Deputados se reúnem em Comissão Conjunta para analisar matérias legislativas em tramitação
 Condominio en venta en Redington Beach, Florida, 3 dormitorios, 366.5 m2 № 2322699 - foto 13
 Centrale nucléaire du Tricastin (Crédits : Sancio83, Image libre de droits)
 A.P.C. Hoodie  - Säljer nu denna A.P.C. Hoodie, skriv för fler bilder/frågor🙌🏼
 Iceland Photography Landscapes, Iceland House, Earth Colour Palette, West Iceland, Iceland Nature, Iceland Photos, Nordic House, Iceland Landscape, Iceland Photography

###

* The problem *
The result should consist solely of the lines from the one that contains "Centrale nucléaire du" to the last line of the records above, reproduced exactly.

* Exercise output *
 Centrale nucléaire du Tricastin (Crédits : Sancio83, Image libre de droits)
 A.P.C. Hoodie  - Säljer nu denna A.P.C. Hoodie, skriv för fler bilder/frågor🙌🏼
 Iceland Photography Landscapes, Iceland House, Earth Colour Palette, West Iceland, Iceland Nature, Iceland Photos, Nordic House, Iceland Landscape, Iceland Photography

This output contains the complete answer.